Oh Delta, you think you’re so clever, don’t you.

After writing about American’s problem with phantom availability on Finnair, I thought I had found more of the same tonight on Delta. Delta.com is my favorite SkyTeam search engine, so I was going to be super bummed if the award prices displayed on the 5-week calendar were no longer accurate. Turns out it’s a little more complicated than that, but let me back up a little bit first and show you what I’m talking about.

Here’s a screen-shot of the award calendar for my search (ORD-AMS):


Delta routinely shows the lowest price available on any given day, and if any of the flights displayed above were priced at the lowest possible price, they’d be highlighted in orange. In this case, the lowest price (70,000 miles) isn’t available. You get 85k, which is the lowest price for a partner award, and then 87.5k, which is Delta’s “level 2” price, according to their non-existent award chart. So given that 85k is the best I’m gonna do in this particular week, I check out what’s available on 4/29. Here’s what I get:


Sorting by price, the best option is 137,500 miles.
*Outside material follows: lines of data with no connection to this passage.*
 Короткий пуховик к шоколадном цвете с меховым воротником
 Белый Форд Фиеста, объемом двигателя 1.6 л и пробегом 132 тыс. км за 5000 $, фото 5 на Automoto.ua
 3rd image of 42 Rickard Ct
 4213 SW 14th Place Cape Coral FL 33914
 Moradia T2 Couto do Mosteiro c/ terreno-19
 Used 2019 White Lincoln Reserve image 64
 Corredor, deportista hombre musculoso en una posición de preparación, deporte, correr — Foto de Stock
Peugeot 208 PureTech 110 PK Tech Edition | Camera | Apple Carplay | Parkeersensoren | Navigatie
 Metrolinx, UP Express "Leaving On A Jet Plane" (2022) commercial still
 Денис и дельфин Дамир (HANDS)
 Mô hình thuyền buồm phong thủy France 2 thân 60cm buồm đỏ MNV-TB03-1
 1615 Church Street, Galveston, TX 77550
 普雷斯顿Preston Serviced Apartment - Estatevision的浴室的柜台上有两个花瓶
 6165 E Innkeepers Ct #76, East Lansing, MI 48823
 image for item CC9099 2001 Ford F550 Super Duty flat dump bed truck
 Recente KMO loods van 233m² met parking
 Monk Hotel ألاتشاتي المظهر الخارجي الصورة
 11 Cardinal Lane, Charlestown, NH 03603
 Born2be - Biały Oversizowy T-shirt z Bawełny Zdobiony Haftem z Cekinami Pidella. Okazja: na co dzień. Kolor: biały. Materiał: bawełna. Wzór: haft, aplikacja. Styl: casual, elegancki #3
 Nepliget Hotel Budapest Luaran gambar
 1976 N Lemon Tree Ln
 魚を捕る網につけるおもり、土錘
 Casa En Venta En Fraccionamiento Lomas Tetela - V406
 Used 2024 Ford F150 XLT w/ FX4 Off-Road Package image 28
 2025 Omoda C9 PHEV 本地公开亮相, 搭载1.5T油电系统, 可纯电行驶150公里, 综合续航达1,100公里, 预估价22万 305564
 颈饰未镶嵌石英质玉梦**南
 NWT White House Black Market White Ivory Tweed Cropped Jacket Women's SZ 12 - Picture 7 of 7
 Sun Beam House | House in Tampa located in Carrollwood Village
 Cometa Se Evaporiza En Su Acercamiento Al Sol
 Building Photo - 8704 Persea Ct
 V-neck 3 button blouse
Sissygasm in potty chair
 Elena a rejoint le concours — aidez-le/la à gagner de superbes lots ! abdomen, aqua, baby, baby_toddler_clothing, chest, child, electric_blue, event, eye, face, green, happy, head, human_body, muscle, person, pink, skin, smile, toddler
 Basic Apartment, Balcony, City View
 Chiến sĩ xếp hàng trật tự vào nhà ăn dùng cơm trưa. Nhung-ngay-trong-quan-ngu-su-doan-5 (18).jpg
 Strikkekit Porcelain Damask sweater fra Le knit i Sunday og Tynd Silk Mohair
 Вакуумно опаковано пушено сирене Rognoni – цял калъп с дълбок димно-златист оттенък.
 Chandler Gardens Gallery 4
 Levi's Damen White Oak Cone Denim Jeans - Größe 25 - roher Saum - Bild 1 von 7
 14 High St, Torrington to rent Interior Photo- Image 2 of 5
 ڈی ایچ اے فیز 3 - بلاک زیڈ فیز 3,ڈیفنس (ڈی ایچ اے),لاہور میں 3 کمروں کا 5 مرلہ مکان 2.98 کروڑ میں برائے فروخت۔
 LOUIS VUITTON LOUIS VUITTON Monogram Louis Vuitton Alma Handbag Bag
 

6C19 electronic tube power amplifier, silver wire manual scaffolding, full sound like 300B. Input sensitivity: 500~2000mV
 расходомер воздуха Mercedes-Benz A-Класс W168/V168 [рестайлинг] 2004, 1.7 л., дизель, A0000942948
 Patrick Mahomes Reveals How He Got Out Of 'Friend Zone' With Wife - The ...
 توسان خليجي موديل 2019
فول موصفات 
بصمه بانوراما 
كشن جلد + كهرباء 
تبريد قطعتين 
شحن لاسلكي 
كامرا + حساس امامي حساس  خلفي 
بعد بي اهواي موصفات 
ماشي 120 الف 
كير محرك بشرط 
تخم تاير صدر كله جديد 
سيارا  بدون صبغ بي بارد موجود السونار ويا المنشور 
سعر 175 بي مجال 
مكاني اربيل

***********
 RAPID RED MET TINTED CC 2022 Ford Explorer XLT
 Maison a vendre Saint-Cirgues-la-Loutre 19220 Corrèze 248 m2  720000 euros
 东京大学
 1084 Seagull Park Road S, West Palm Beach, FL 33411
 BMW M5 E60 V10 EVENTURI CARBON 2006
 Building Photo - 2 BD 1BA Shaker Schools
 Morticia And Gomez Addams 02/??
What gives? Where’s my 85k award? Extra points if you already know what’s going on here (you can skip the next few screenshots, in that case). I tried scrolling to the bottom of the page, but all the flights were over 100k.


So I skipped to the very end of the list, and there they were, chilling at the very bottom:

delta-theretheyare copy

I tried monkeying around with other searches and other days, trying to figure out what was going on. Was Delta intentionally burying partner redemptions and trying to steer people into more costly redemption on Delta? Whether sorting by price or by “Best Match” (which is the default sorting option), the partner flights were always at the bottom.

It took me a minute, but I eventually got there… it’s the taxes and fees! It’s pretty misleading, but Delta’s award calendar shows you the cheapest option in terms of miles. However, when you sort the flights by price, it sorts them based on the cash price, and since Air France charges more taxes and fees than Delta does, the Air France flights fall to the bottom. For whatever reason, “Best Match” seems to prioritize the taxes and fees above all other criteria as well. If you try sorting by duration, on the other hand, the flights will sort as expected, with the 11h5m Air France flight near the top.

I’ve used Delta’s award search engine a lot, and I can’t remember coming up against this problem before. In fact, I’m absolutely sure I’ve booked partner award flights through Delta.com when Delta flights were also available, and I never had to dig through the search results to find them. I don’t think it’s a conscious effort on Delta’s part to obscure partner awards, though, since there are times when the taxes/fees on Delta are higher than on partners, and in those cases the partners come up first.



In this example, the Delta flight is the lowest fare in miles, but because it costs an extra 5 euros, it drops to second place.

One could certainly argue that Delta’s “Sort by Price” option should put the flight tagged “Lowest Fare” at the top of the search results. It does seem very Delta that “fare” and “price” mean two different things on their website. Of course, the more opaque the loyalty program, the harder it is to understand the search results, the more idiosyncrasies they can cram in there… it’s all toward the goal of preventing their overall customer base from wringing maximum value out of the program (while dubiously claiming to be America’s favorite loyalty program). Every program toes that line between making the program attractive enough to bring in customers and not making it so attractive that it loses money, and Delta has always been aggressive on the customer-unfriendly side of that line.

In the end, at least Delta’s award calendar is still accurate! Now I know that I just need to dig a little more to find the flights I want. Just Delta bein’ Delta, I guess.



  1. Chris Jensen says:

    Just remember that little phrase “multiple cabins”. They may put you in coach for the better part of the flight.


    1. Windbag Miles says:

      Definitely, although in my experience Delta is better about mixed cabin awards than United and Aeroplan. A lot of times the mixed cabin is “First” (domestic) and “Delta One” (international). With Aeroplan, you often see a 45 minute flight in euro-business followed by a 14 hour flight in economy sold for business class pricing.